Are you sure? I wouldn’t want you to do anything you’re not ready for.

I can read it.

Oh well, you know what, let”s get someone else for now and I’ll let Mrs. — know you have trouble with reading.

Bitch, I hate you.

School Two:

Hi I’m-

Resource room upstairs end of the hall. And you’re late.

Sorry about that, I was coming from another school. I did call.

Mrs— is still there so maybe you can catch her before she leaves.

Great

Hi I’m-

Here are the lesson plans. watch out for K and I, have a great day. ( I think her high heels actually left skid marks as she raced for the exit.)

Students come in.

Hello. Mrs — isn’t here today. My name is Dogwoman and I’ll be helping you during her absence. Please get out your workbooks and I’ll come around and help-

Reading charts go flying as one student becomes upset. Next the book cart, three chairs and a math book that hits me in the back. Don’t worry, it was soft cover. When I called the office to have the student removed this was their reply

Oh, yeah, K,. The teachers next door can help. click.

Whaa..????? ( Now he’s screaming, flipping me off and using language reserved for Ice Road Truckers.)

Three teachers materialize and start talking to him like he’s a rabid dog they don’t want to get to close to. He hides in the media cabinet. Two other students begin fighting over who gets to use the computers first.

Eventually, three of the six students I started with have to be removed.

Later, they come back and it’s like nothing happened. Perfect gentlemen, every one of them. Gahhhh!

In my car on the way home I think about intense drug therapy and how it can be beneficial in these situations. No, not for the students, for me. I think a heroin script would really do the trick and I might mention it to my doctor next time I see her. Because, clearly, the vodka is not working.

Dogwoman

It’s The Most Wonderful Time Of The Year

Hello.

It’s that time again. The smell of new shoes is in the air. The delicate sound of shouting and screaming outside the bedroom window as students line up at 6:45 a.m. to wait for the bus.

They’re going back.

And so am I. Another year of self-abuse and personal flagellation I like to call My Career As a Professional Substitute. This year our district has signed on with a professional contractor, ergo, I get benefits. Yeah! And five separate districts that I am contracted to. Boo! New students. Yeah! New administrators. Boo!
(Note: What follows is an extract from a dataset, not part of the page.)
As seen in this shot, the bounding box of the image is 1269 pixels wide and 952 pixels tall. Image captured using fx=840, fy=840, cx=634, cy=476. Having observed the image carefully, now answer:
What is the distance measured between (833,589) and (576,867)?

I am actually looking forward to this year. I have put together all of my papers, pencils, lesson plans, notebooks, printables, stickers, paperclips, xanax and vodka. Now all I need are the assignments.

You know how little kids get ready at 4 am for the first day of school and then just sit on the couch waiting for the ok to run to the bus? Yeah, that’s me. Just swinging my feet and waiting to say those magic words:

“If you don’t give me that phone right now I will call security and have you suspended.”
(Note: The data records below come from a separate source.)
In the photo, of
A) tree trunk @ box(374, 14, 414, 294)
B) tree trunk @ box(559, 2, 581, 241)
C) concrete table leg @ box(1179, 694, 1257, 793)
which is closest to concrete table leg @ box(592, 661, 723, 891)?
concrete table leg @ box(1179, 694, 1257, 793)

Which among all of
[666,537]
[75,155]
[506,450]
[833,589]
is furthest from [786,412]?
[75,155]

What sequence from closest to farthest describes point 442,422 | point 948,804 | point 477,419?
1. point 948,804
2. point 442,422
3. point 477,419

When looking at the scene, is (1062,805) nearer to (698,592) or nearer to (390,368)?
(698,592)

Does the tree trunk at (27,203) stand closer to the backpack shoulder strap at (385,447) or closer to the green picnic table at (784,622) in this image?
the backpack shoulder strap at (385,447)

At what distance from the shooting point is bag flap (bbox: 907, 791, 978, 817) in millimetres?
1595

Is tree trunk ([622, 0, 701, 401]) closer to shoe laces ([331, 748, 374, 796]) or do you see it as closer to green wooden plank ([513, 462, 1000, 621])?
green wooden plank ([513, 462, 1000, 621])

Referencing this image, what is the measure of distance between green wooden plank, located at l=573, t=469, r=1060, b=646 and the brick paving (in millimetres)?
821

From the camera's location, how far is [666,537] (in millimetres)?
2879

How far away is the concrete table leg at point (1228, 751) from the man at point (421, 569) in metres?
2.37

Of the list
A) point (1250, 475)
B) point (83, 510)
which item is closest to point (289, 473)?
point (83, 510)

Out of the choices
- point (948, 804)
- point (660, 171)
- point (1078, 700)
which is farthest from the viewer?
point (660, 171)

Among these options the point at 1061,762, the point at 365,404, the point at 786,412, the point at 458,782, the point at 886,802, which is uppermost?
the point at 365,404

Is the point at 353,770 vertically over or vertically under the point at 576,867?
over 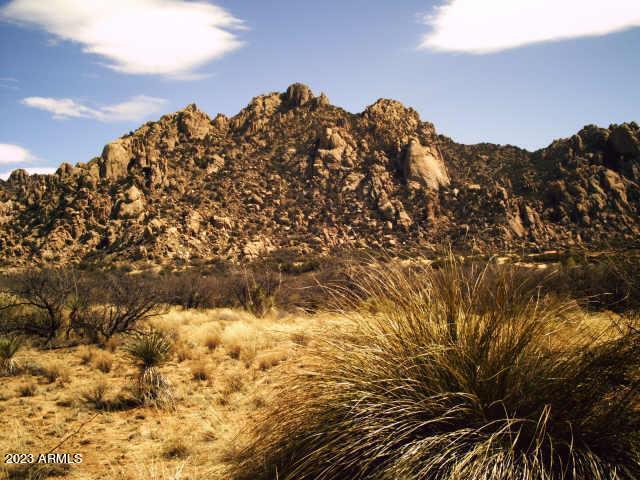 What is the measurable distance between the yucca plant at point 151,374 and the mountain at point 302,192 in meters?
31.1

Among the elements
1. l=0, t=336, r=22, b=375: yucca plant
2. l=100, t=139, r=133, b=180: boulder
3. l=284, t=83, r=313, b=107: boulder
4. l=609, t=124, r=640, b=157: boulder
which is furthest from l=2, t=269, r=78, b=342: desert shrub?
l=284, t=83, r=313, b=107: boulder

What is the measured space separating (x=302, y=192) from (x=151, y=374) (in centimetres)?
4662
Ah, it’s gong to be a great year. I can feel it.

Dogwoman

Edumacation

Hello.

There is a proposal by some British nit-wittian that ‘alterantive spelling ‘ should be allowed at University level because, clearly, people can’t spell.

I am among the spelling afflicted. However, using tried and true grammar rules will usually, but not always, will get one out of a tight spelling spot.
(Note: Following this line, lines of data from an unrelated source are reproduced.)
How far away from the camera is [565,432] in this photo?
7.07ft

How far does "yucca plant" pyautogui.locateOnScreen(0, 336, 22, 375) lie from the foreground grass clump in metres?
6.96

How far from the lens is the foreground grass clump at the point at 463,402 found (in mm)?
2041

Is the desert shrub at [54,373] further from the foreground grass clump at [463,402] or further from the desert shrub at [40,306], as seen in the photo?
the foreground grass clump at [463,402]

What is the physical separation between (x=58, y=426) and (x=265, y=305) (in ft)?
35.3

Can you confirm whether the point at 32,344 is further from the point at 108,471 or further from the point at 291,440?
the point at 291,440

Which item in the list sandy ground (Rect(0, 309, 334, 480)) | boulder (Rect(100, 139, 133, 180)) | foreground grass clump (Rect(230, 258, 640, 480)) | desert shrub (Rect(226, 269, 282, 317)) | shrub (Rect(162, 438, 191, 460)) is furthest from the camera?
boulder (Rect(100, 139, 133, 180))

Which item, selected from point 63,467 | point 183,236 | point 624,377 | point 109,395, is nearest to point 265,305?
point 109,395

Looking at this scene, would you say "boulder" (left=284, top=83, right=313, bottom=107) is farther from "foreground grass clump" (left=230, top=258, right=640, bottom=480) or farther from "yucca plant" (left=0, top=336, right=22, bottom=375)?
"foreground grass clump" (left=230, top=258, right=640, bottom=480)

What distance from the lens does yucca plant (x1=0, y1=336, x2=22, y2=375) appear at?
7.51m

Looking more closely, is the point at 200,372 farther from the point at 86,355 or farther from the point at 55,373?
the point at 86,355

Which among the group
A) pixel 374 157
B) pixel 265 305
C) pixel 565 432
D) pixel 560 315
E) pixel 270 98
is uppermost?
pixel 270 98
I’ve have seen student papers at the secondary level that make me want to cry out to the Gods to stop this madness. Spelling is not the problem. The problem is grammar is no longer taught, thank you G.W.

Teachers don’t seem to care that students use phrases like ” he be, she be, then I like said”, and my personal favorite, come across in an English class  which I promptly made the student fix, “and all that shit.” It’s nice to know they can spell George Carlin’s favorite words.

Spelling requires a dictionary. When I was growing up we had eight. They each had grammar rules printed in the back. I before E except after C, unless its an ‘eh’ and in neighbor and weigh. Simple. And woe betide anyone who refused to speak proper grammar around my mother. That earned one a serious a wooden spooning. (Okay, so my mental scars were turned into a career. It works.)

The rambling point is, that if simple grammar rules were taught rather than just phonetics, as is currently the case in elementary schools, people would spell and speak concisely.

I’m sorry, but I don’t buy into the thinking that Ebonics and Text are acceptable standard public languages. They are dialects of English. Dialects shouldn’t be used in formal writing, unless it’s to make a point or highlight a character.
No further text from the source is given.